Yeah, even Windows managed to not drive terribly dramatic upgrades in general computing (besides Windows’ absurd RAM usage and now requiring a TPM).

In the old days, Microsoft Entertainment Pack games were somewhat visibly taxing on some lower end systems.

linzhangrun 5 hours ago | parent | prev [-]

Physical limitation of the manufacturing process may be more significant factor, starting from the TSMC 10nm ten years ago

cheema33 8 hours ago | parent | prev | next [-]

I have the RAM, but not the VRAM. What kind of speed/tps could you expect from a 3090 with 24GBs of RAM? I am somewhat tempted to pick a GPU with 24GBs of RAM.

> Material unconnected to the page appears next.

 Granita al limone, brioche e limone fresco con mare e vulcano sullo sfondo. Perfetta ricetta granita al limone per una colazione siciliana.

phamilton 6 hours ago | parent [-]

Generation is basically just memory bandwidth math.

Each token has to read all the active weights. I think that's around 40B parameters active. At a 4-bit quant that's 20GB. With 100GB/s (replace with whatever your bandwidth is) and you get 5 tokens per second.

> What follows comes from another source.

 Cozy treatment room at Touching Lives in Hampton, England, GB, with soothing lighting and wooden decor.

SlavikCA 2 hours ago | parent [-]

And with MTP (or other speculation techniques) you can ~double that.

uberex 7 hours ago | parent | prev [-]

Funny I casually asked Gemini and it said 500k for unquantized with decent throughput.

stymaar 6 hours ago | parent | next [-]

This is why you shouldn't believe uncritically an answer from an LLM (neither should you do for any answer from a human either though).

andy_ppp 3 hours ago | parent [-]

But I did my research online and the sun cycle is every 11 years and something something global warming is a hoax every single year now.

colinsane 5 hours ago | parent | prev | next [-]

i asked gemini and it replied with "Error: 400 Your prompt was blocked by safety filters. Please revise and try again."

digitaltrees 3 hours ago | parent [-]

I asked and it said “403 forbidden - careful peon attempts to bypass the late stage capitalism api with your monetary offerings in exchange for you daily tokens will get you perma banned right to jail”.

j45 5 hours ago | parent | prev [-]

LLMs aren't discrete calcluators or estimators of things unless framed and guided to do so.